Task item: Repeat each entry exactly. Drop every image.
• • • • • • •
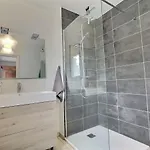 Charming Quiet Pool Villa Toulon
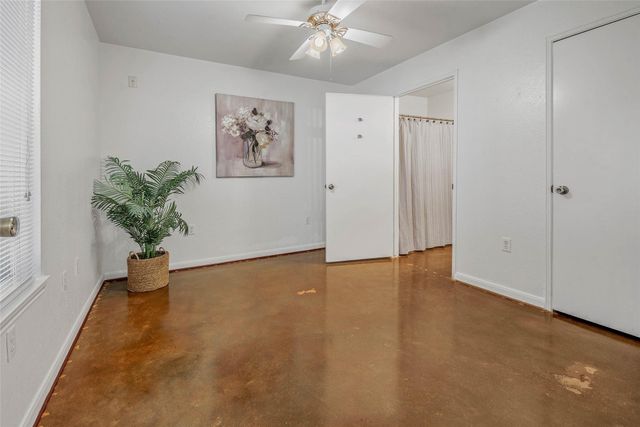 517 Southwest Parkway 103, College Station, TX 77840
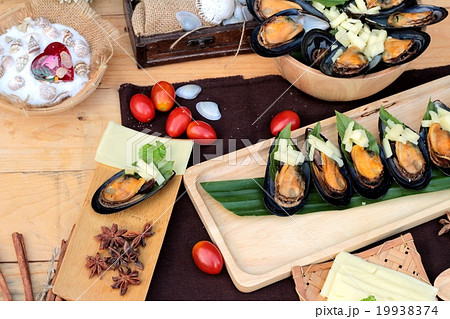 Mussel bake, sprinkle with cheese is delicious. Mussel bake, sprinkle with cheese is delicious. 19938374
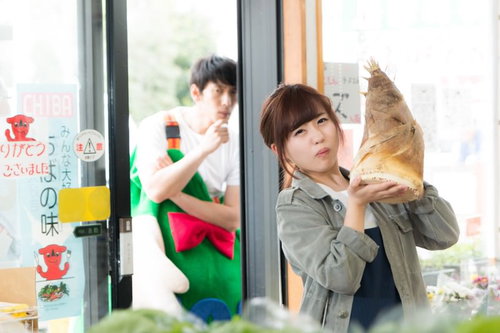 商店で販売されていた大きなタケノコを物欲しげな顔で見つめる着ぐるみ姿のAD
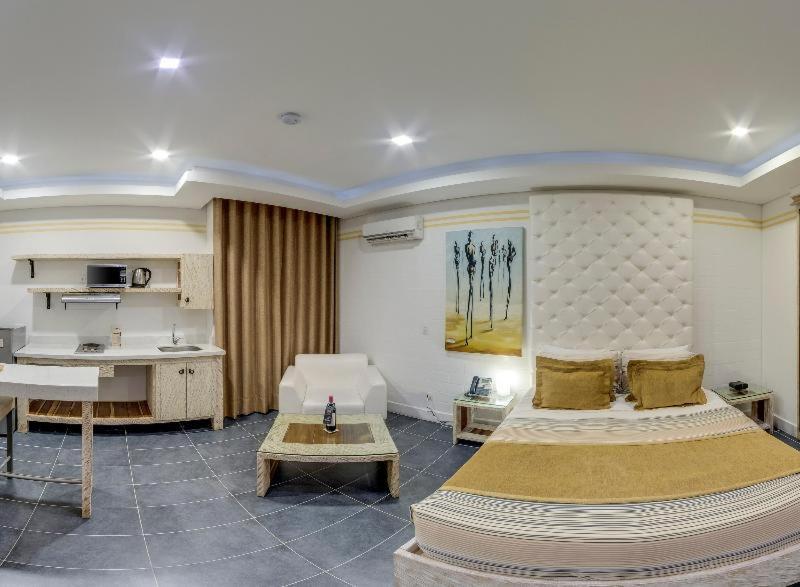 Hotel Du Parc Μεντεγίν Δωμάτιο φωτογραφία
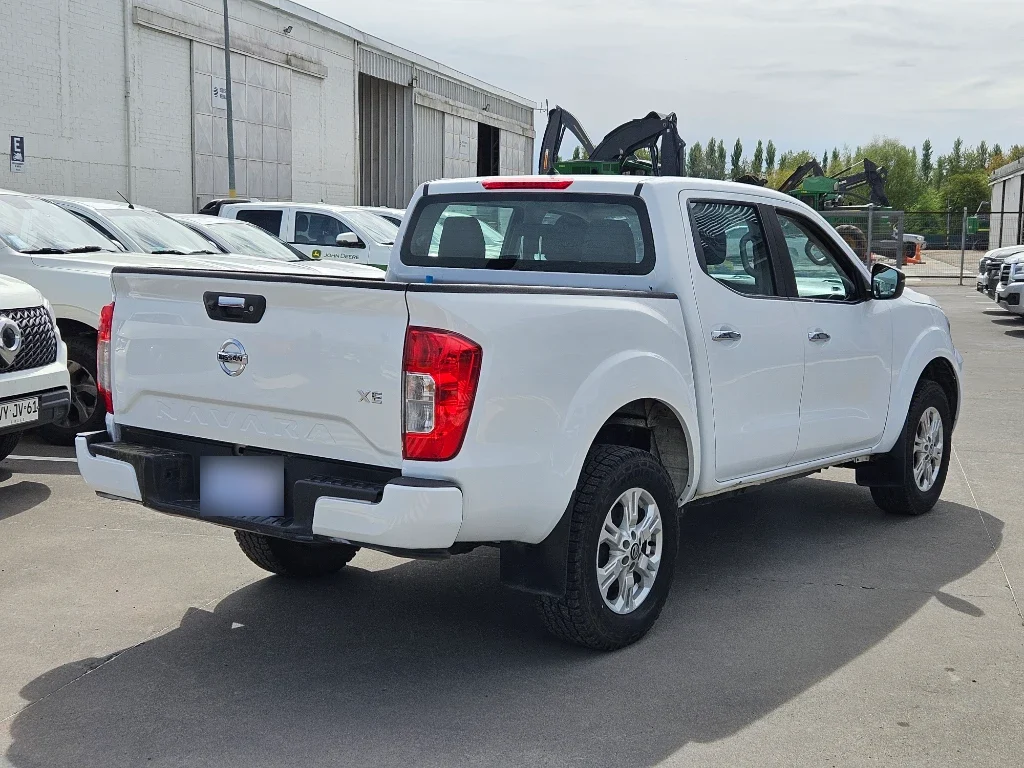 Nissan Navara Navara Dc 4x2 2.3tdi Xe año 2021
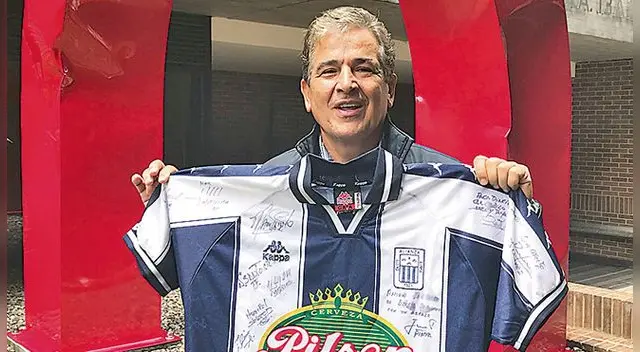 Jorge Luis Pinto posa con la camiseta de Alianza Lima. Jorge Luis Pinto posa con la camiseta de Alianza Lima.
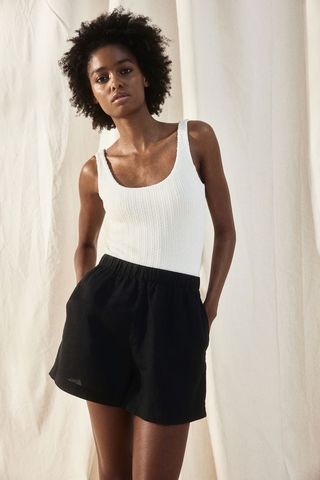 Pull-On Linen Shorts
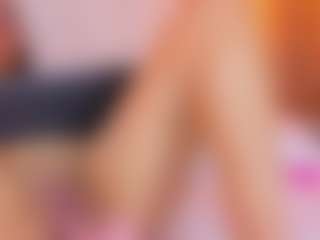 MiaHills's Live Sex Cam Show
• • • • • • •
Answer section:
 Charming Quiet Pool Villa Toulon
 517 Southwest Parkway 103, College Station, TX 77840
 Mussel bake, sprinkle with cheese is delicious. Mussel bake, sprinkle with cheese is delicious. 19938374
 商店で販売されていた大きなタケノコを物欲しげな顔で見つめる着ぐるみ姿のAD
 Hotel Du Parc Μεντεγίν Δωμάτιο φωτογραφία
 Nissan Navara Navara Dc 4x2 2.3tdi Xe año 2021
 Jorge Luis Pinto posa con la camiseta de Alianza Lima. Jorge Luis Pinto posa con la camiseta de Alianza Lima.
 Pull-On Linen Shorts
 MiaHills's Live Sex Cam Show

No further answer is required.